I love the LOA editions but I think Everyman has a great suggestion to purchase something like a BN Classic (they are certainly priced right!) because the LOA editions do not have any essays or scholarly material in them. I have not looked at the LOA college editions. I don't know what they contain.

Denise



Everyman wrote:


fanuzzir wrote:
You have excellent questions. In some cases, BN Classics and Library of America use the same primary source, if there is a definitive one available. In some case, Library of America will do archival research to create a definitive text or make some important changes. It differs by book, I'm afraid. The front material and bibliography would be different in each book as well, so that's a matter of your needs and tastes.

Bob




I was an LOA subscriber for several years, so have most of their volumes that interest me. They are wonderful volumes for a complete, compact, well edited version of the works, but for the serious reader who wants further insight, their weakness is that they have very little supplementary material.
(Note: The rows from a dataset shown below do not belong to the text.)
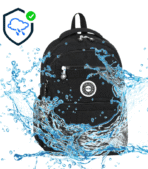 BLS Wave krinkıl sırt çantası, benzersiz krinkıl kumaş dokusuyla modern şehir stilini ve fonksiyonelliği bir araya getirir. Günlük kullanım, iş ve kısa seyahatler için ideal hacim ve düzen sunan bu şık sırt çantası, her ortamda dikkat çeker.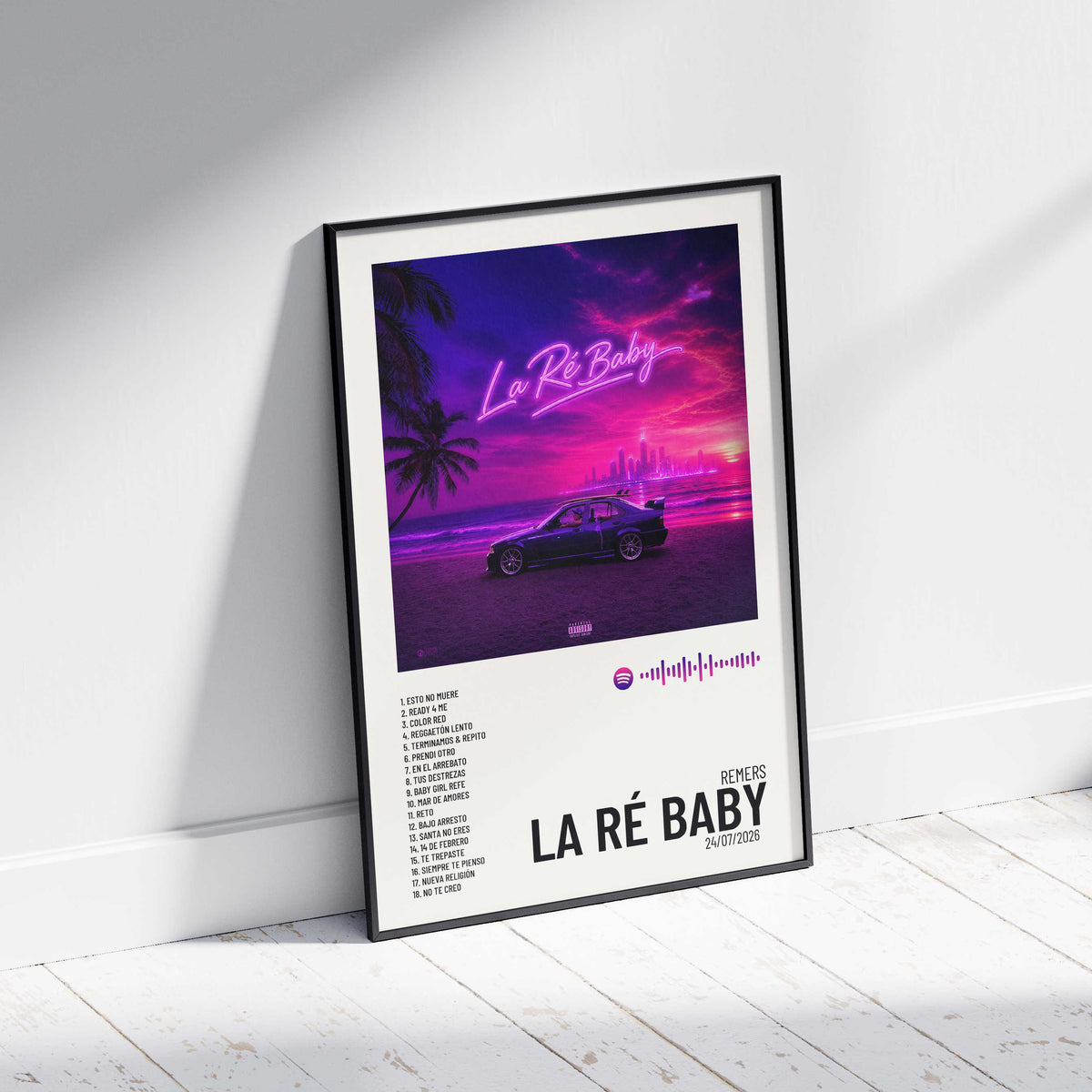 La Ré Baby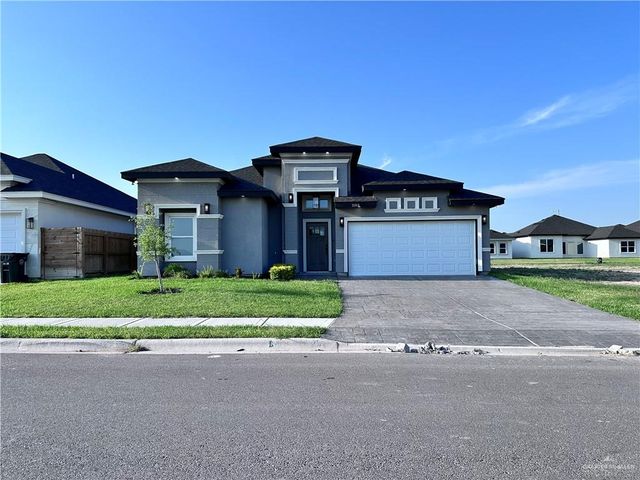 1100 Azalea Street, Mission, TX 78573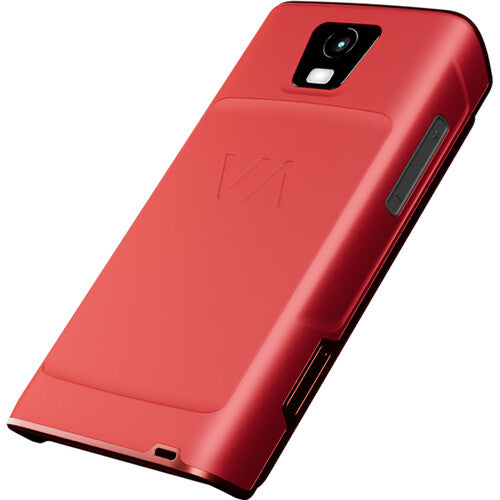Vasco Translator Q1 Scarlet Pulse Traductor con SIM integrada y 54 idiomas
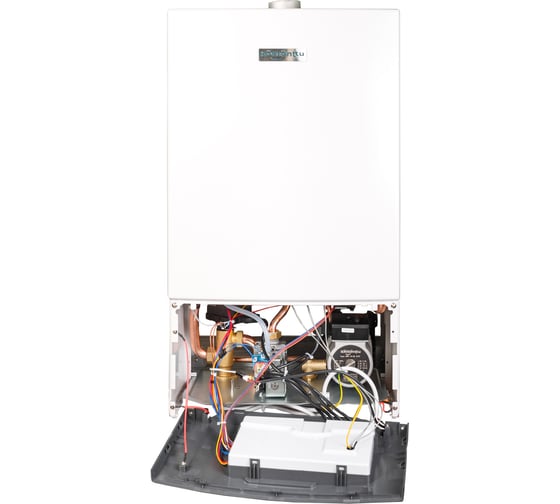 Газовый отопительный котел Kotitonttu TOIVO T24 OK с шиной OpenTherm 00-00000631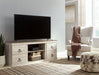 Willowton 3-Piece Entertainment Center with Electric Fireplace - Premium Entertainment Center from Ashley Furniture - Just $636.34! Shop now at Furniture Wholesale Plus  We are the best furniture store in Nashville, Hendersonville, Goodlettsville, Madison, Antioch, Mount Juliet, Lebanon, Gallatin, Springfield, Murfreesboro, Franklin, Brentwood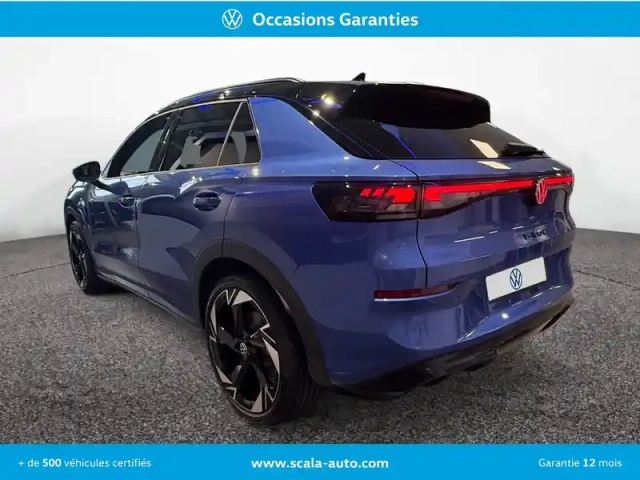 Volkswagen T-Roc 1.5 etsi evo2 hybrid 150 ch dsg7 — photo 3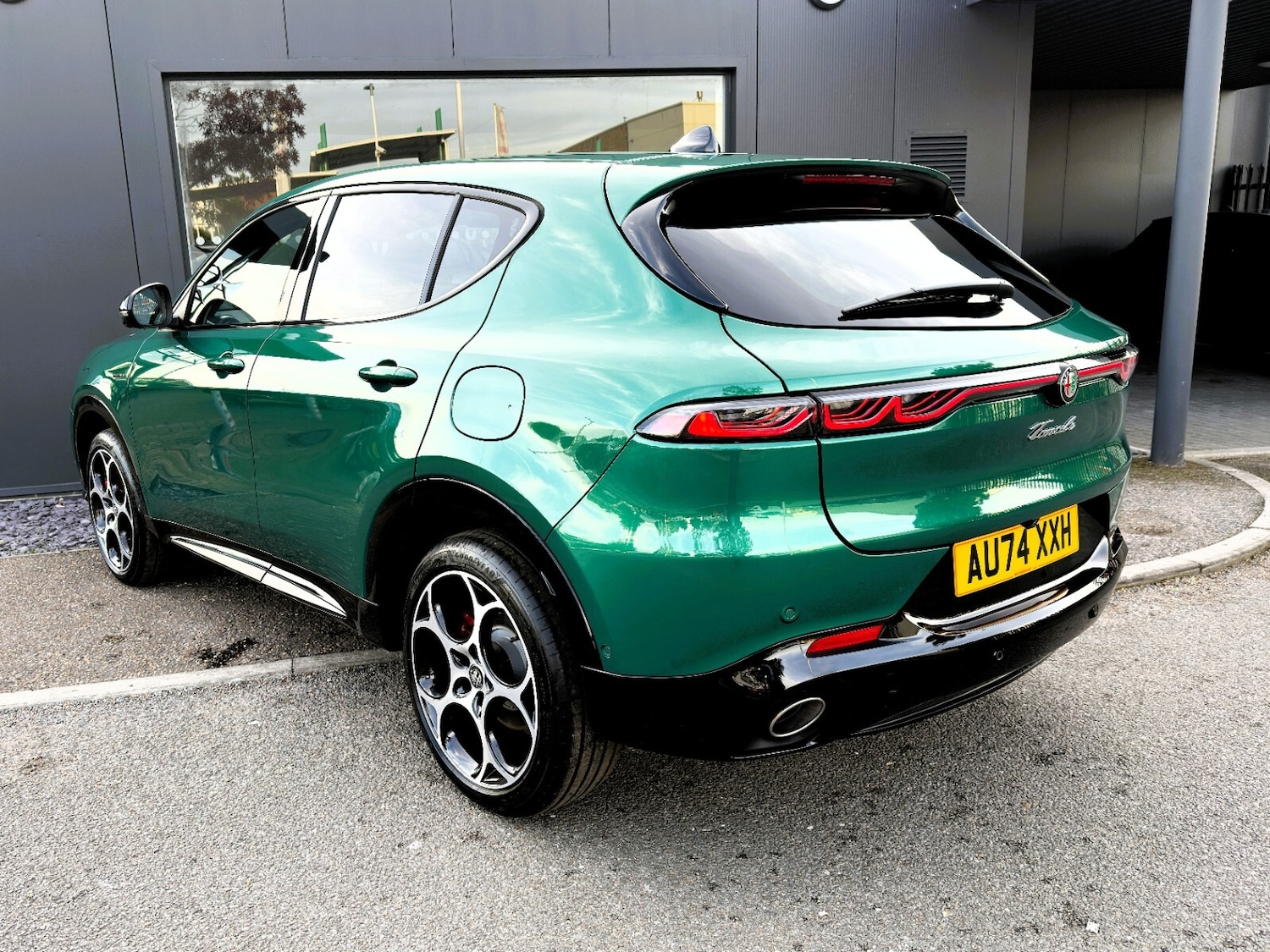 Used Alfa Romeo Tonale 2024 for sale - 76868948: Photo 7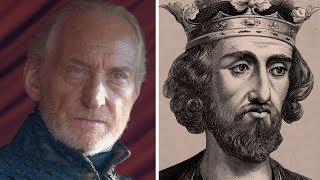 The Inspiration Behind Tywin Lannister [upl. by Mingche]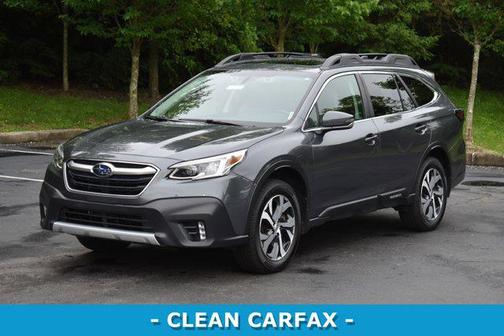2021 Subaru Outback Limited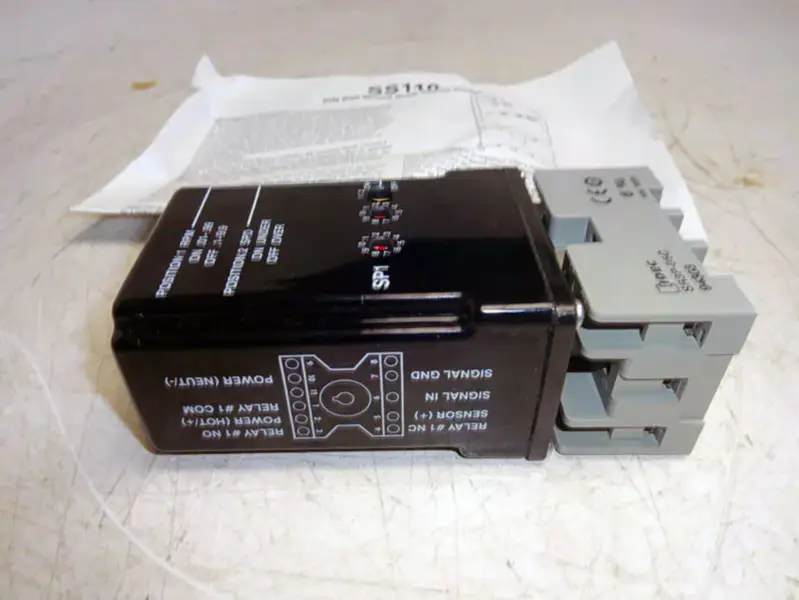 ELECTRO-SENSORS SS110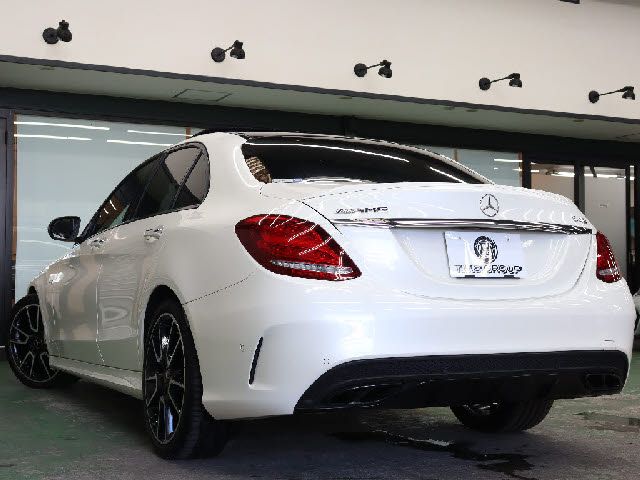 Amg C-CLASS 2016-09 19717-2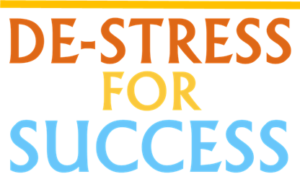 De-Stress for Success Week: Zoom, Zoom, Zumba!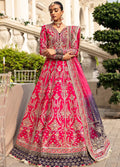 Gulaal | Wedding Collection 23 | NUHA (GL-WU-23V1-08) - Pakistani Clothes for women, in United Kingdom and United States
Although they do have fairly comprehensive summary biographies, and in many cases some limited notes (though not referenced in the text, so you have to look in the back of the book to see whether there is a note for any particular question), they have no analytical essays and no useful comprehensive notes, so in many cases where I already have a LOA edition, particularly for eras which I don't have a good historical background in, I will purchase another edition such as the BN Classic, Oxford World Classic, Penguin Classic, or other as a reading copy for the additional materials.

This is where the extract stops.